Individual beads may have a density in any suitable range, such as from about 0.05 g/cc to about 0.5 g/cc, including about 0.1 g/cc. Also, the beads have unique absorptions properties. For example, when placed in water, a bead of approximately 3 mm in diameter will absorb approximately 14% of its weight in water. However, when the bead is squeezed and then released in water, the bead will absorb up to about 350% its weight in water. These absorption properties demonstrate additional utility such as a delivery vehicle for substances such as fragrances, ointments, and other fluid compositions.

Polyurethanurea Foams

Non-spherical shapes can also be prepared, for example flat structures having a fairly uniform thickness from end to end and edge to edge. These foams retain the foam characteristics of the beads. Foam structures prepared from polyurethaneurea solutions take on, or retain, the shape of the vessel in which the polyurethaneurea solution is placed in. Foam structure can be made in limitless variety of shapes and sizes including, cups, bottles, and round flat Petri dish, among others. Similar to the beads, the foams are achieved by introducing water to a container including a polyurethaneurea solution. Additionally, the foam structure can be varied by the introduction of the water to only one surface of the polyurethaneurea solution in the container. For example the foam formed from polyurethaneurea solution in a petri dish where water is added to the top (open) of the solution forms a less dense to more dense foam from top to bottom (against the bottom of the glass petri dish).

The foam structures can be molded to a particular size or formed in larger structures that can be cut to an appropriate size. Depending on the use, the foams can have any desired dimensions. This includes substantially planar foams having thickness from about 1 mm to about 50 mm, including about 1 mm to about 5 mm, 1mm to about 3mm and 10mm to 20mm.

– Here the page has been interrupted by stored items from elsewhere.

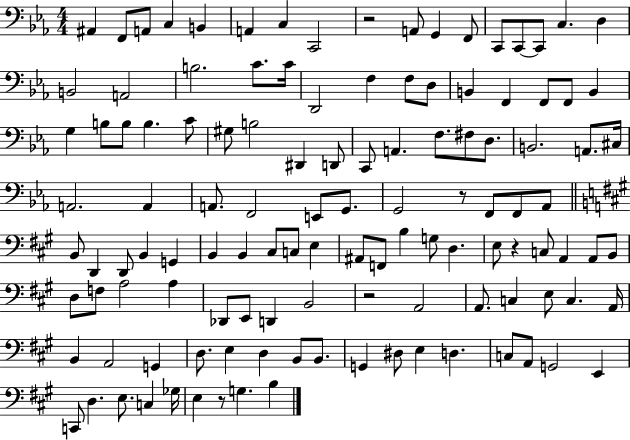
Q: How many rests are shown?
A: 5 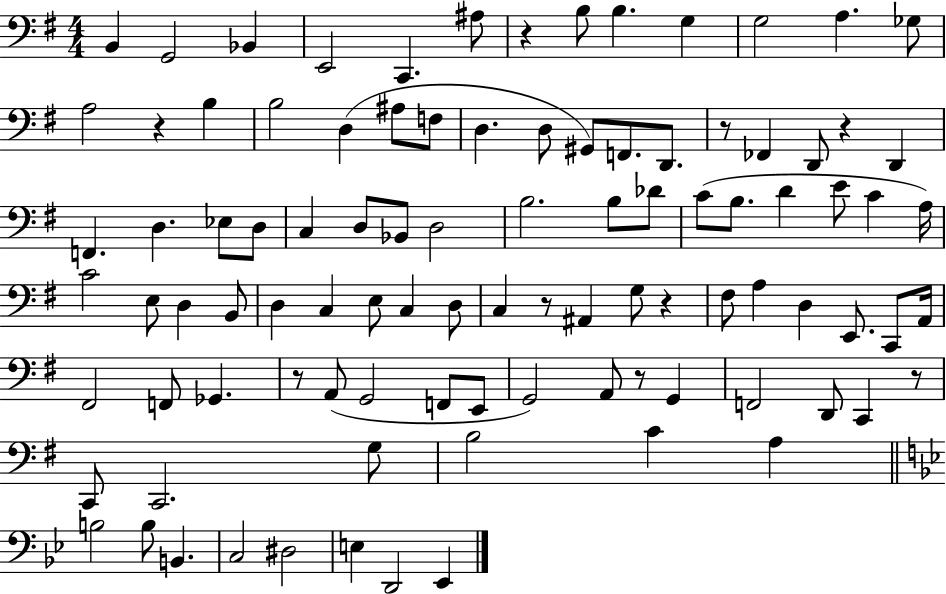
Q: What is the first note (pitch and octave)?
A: B2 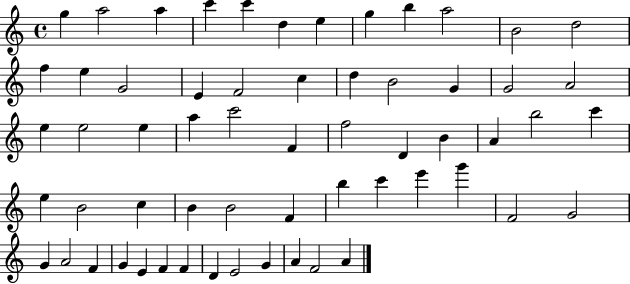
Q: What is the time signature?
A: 4/4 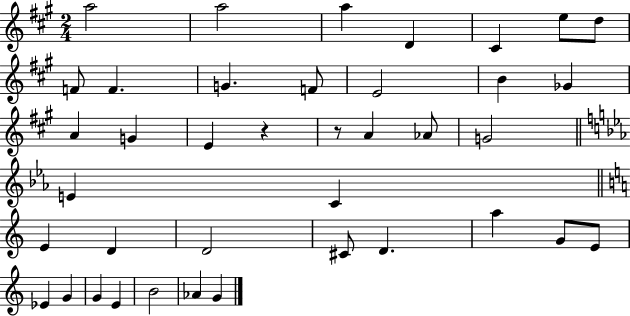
A5/h A5/h A5/q D4/q C#4/q E5/e D5/e F4/e F4/q. G4/q. F4/e E4/h B4/q Gb4/q A4/q G4/q E4/q R/q R/e A4/q Ab4/e G4/h E4/q C4/q E4/q D4/q D4/h C#4/e D4/q. A5/q G4/e E4/e Eb4/q G4/q G4/q E4/q B4/h Ab4/q G4/q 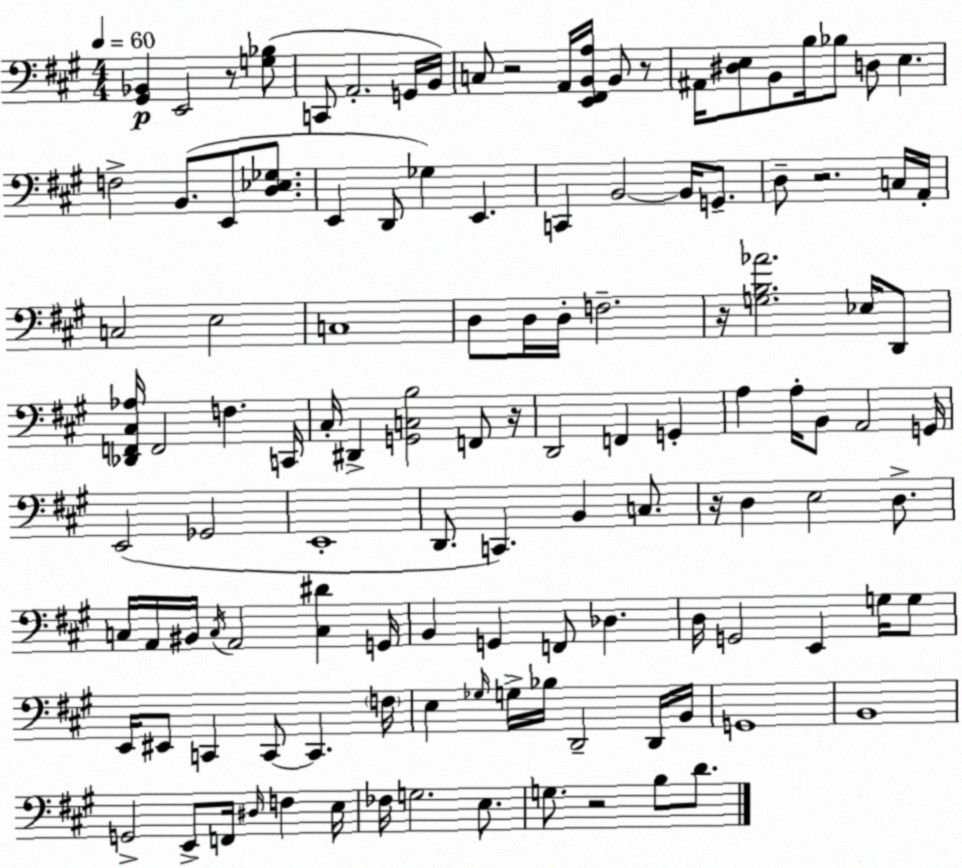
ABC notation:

X:1
T:Untitled
M:4/4
L:1/4
K:A
[^G,,_B,,] E,,2 z/2 [G,_B,]/2 C,,/2 A,,2 G,,/4 B,,/4 C,/2 z2 A,,/4 [E,,^F,,B,,A,]/4 B,,/2 z/2 ^A,,/4 [^D,E,]/2 B,,/2 B,/4 _B,/2 D,/2 E, F,2 B,,/2 E,,/2 [D,_E,_G,]/2 E,, D,,/2 _G, E,, C,, B,,2 B,,/4 G,,/2 D,/2 z2 C,/4 A,,/4 C,2 E,2 C,4 D,/2 D,/4 D,/4 F,2 z/4 [G,B,_A]2 _E,/4 D,,/2 [_D,,F,,^C,_A,]/4 F,,2 F, C,,/4 ^C,/4 ^D,, [G,,C,B,]2 F,,/2 z/4 D,,2 F,, G,, A, A,/4 B,,/2 A,,2 G,,/4 E,,2 _G,,2 E,,4 D,,/2 C,, B,, C,/2 z/4 D, E,2 D,/2 C,/4 A,,/4 ^B,,/4 C,/4 A,,2 [C,^D] G,,/4 B,, G,, F,,/2 _D, D,/4 G,,2 E,, G,/4 G,/2 E,,/4 ^E,,/2 C,, C,,/2 C,, F,/4 E, _G,/4 G,/4 _B,/4 D,,2 D,,/4 B,,/4 G,,4 B,,4 G,,2 E,,/2 F,,/4 ^D,/4 F, E,/4 _F,/4 G,2 E,/2 G,/2 z2 B,/2 D/2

The density of the foams may also vary. The bulk polymer itself may have a density of about 0.975 to 1.3 g/cm³, while foams have been prepared that include densities from about 0.1 g/cm³ to about 1 g/cm³, including densities of about 0.3 g/cm³, 0.5 g/cm³, and 0.8 g/cm³. The foam density may be altered depending on the desired end use. Similar to the beads, the non-spherical foams may also include no visible pores at 500Ox magnification. However, salt (e.g., sodium chloride) may be added to the polyurethaneurea solution to create pores on the surface. If enough salt is added, it will create interconnecting pores that will go from the top surface to the bottom surface.

Other means of making polyurethaneurea foams include using "blowing agents" such as entrained air in viscous polyurethaneurea solutions, compressed gasses (air, nitrogen, etc.) that expand when the pressure is released, water soluble materials (salts polyethylene oxide polymer, etc.) that leach out of the polyurethaneurea when immersed in water, chemical agents (sodium bicarbonate, azo compounds, etc.) that release a gas when a certain temperature is reached or when it comes in to contact with water, air or another chemical.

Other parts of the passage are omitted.